Contrast matters, and web page designers are starting to forget that. Kevin Marks delves into how grey text is becoming so prominent on the web. Marks notes something I’ve talked about before: the difference between the screen and a poster handing on a wall.

(W)hen you design in perfect settings, with big, contrast-rich monitors, you blind yourself to users. To arbitrarily throw away contrast based on a fashion that “looks good on my perfect screen in my perfectly lit office” is abdicating designers’ responsibilities to the very people for whom they are designing.

Hat tip to Robert J. Sawyer.

It’s great when you have a lab to go to a conference with. But not everyone has a lab. Here are tips for how to rock a conference solo.

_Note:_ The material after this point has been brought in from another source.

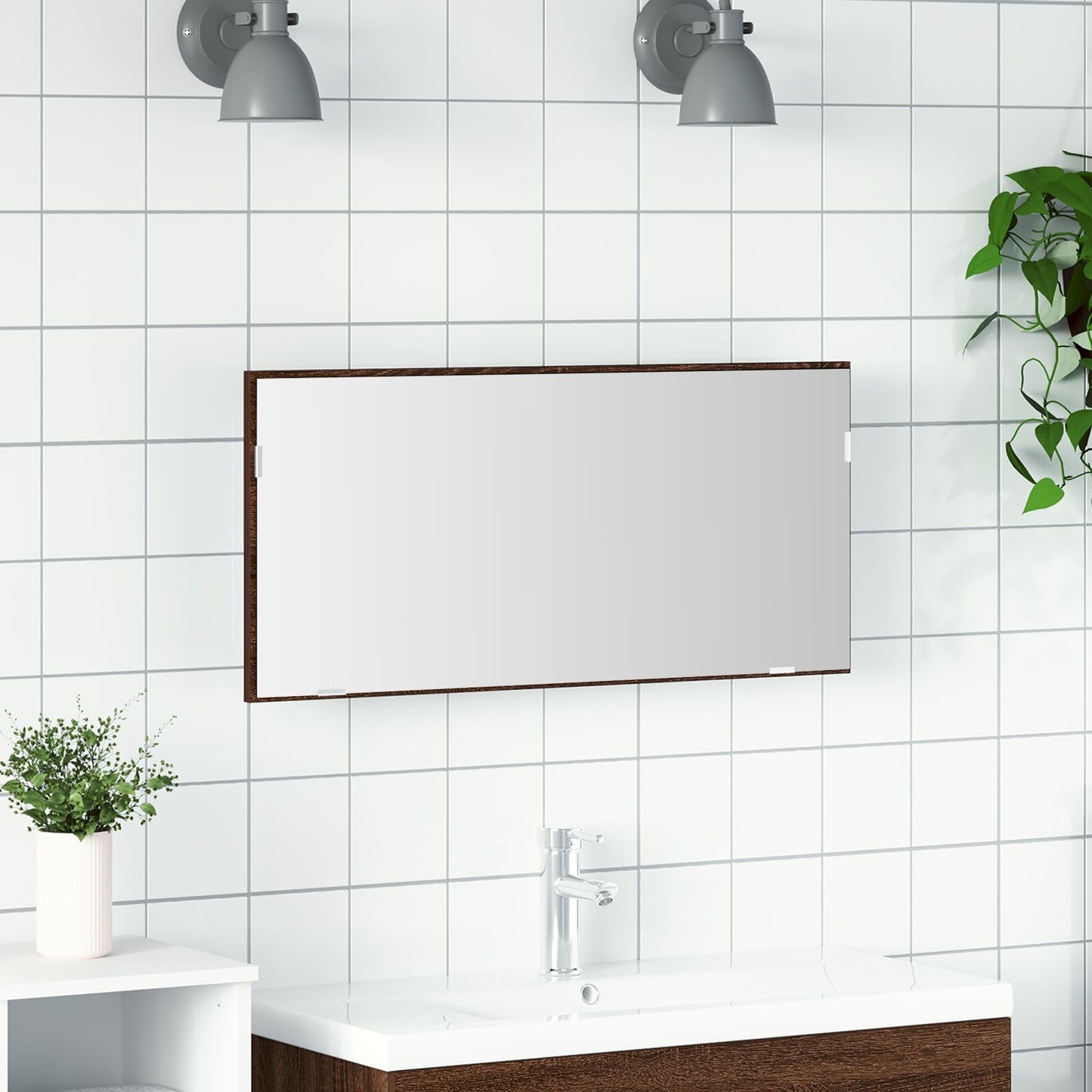 Baderom Speilskap med LED Lys Brun Eik 80x37 cm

An occasional reminder that if your poster hangs for several days, create opportunities for people to give feedback when you are not there:



Hat tip to Ciera Martinez.

Stephen Heard is unimpressed with most conference badges. This led me to another discussion of badge shortcomings, both of which reminded me of an older article on conference badges in American Scientist (paywalled).

20 October 2016

Critique: Catching a DRAGON

Today’s poster is from Athanasios Psaltis, in my old stomping grounds in in Canada (McMaster University, to be exact). This poster was shown at a school on “Origin of nuclei in the universe,” and appears here with his permission. Click to enlarge!


I appreciated immediately was that I could read everything on this poster, even shrunk down on the computer screen. You only have to go back a week on this blog to see that this doesn’t always happen.

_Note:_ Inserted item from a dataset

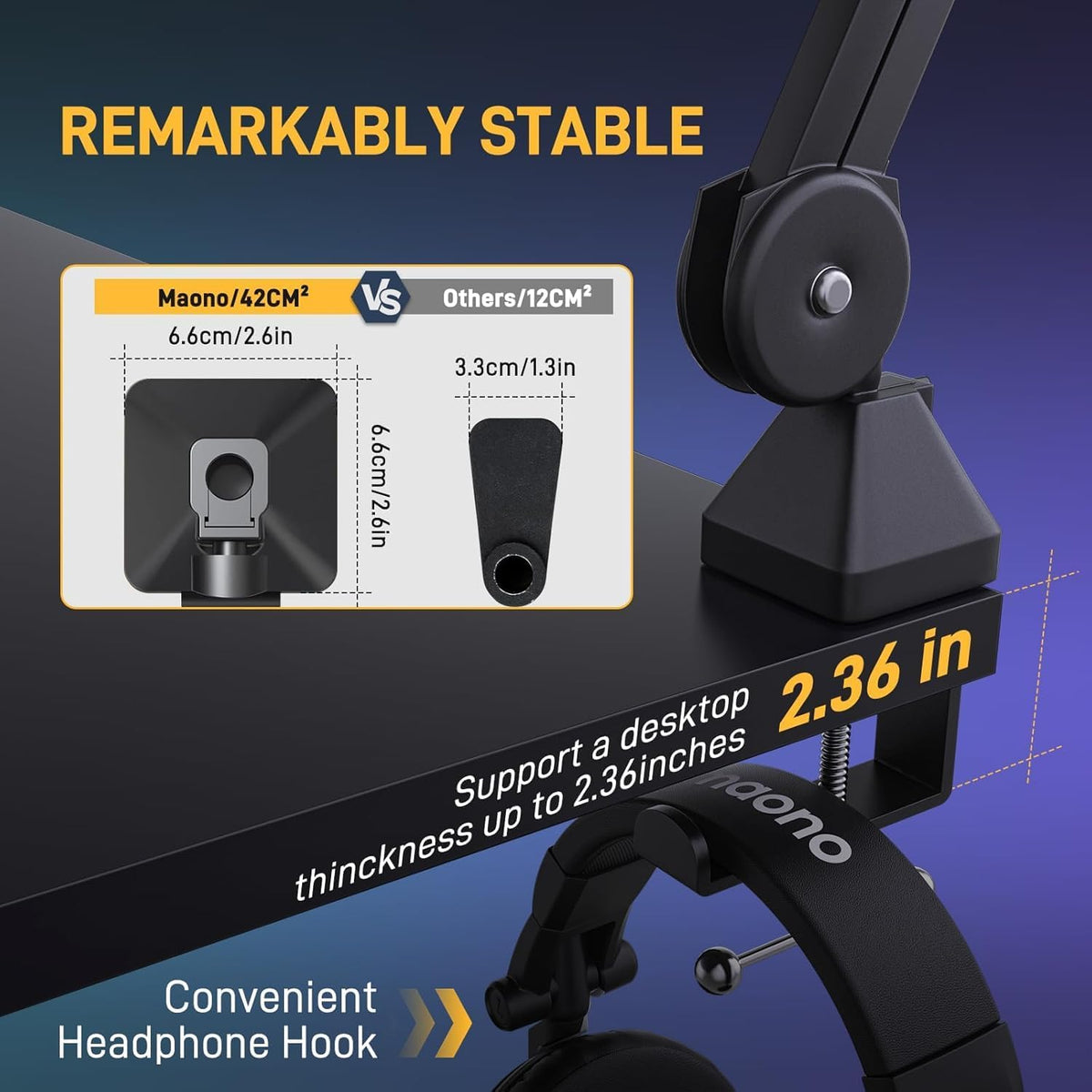 MAONO Microphone Boom Arm: Heavy Duty Adjustable Metal Suspension mic stand with Upgraded Desk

The mix of red, or bold, or red and bold for emphasis would be better replaced with just one style. I liked the use of red bolding for emphasis on the left introductory material, and wish it was carried over on the right side (e.g., “transmission” and “efficiency” in the “Testing the DRAGON” section). Athanasios agreed.

The bullet points in the introduction are adding space, but not much clarity, at least for me. The “1, 2, 3” numbering under “Wanajo” works, though, and I would leave that.

Dashes or hyphens should have spaces on both sides, or neither. Seeing spaces on only one side of the dash in the pointers to the figures (e.g., “Figure 1- Right”) is making me crazy in an obsessive type nerd way.

The ticks in the Figure 1 graphs are a bit obtrusive. I understand log scales need a lot of ticks, but they don’t need to be protruding so far into the graph. They could be shorter. I would try removing the top and right axes, too. Or, if the top and right lines stay, remove the tick marks.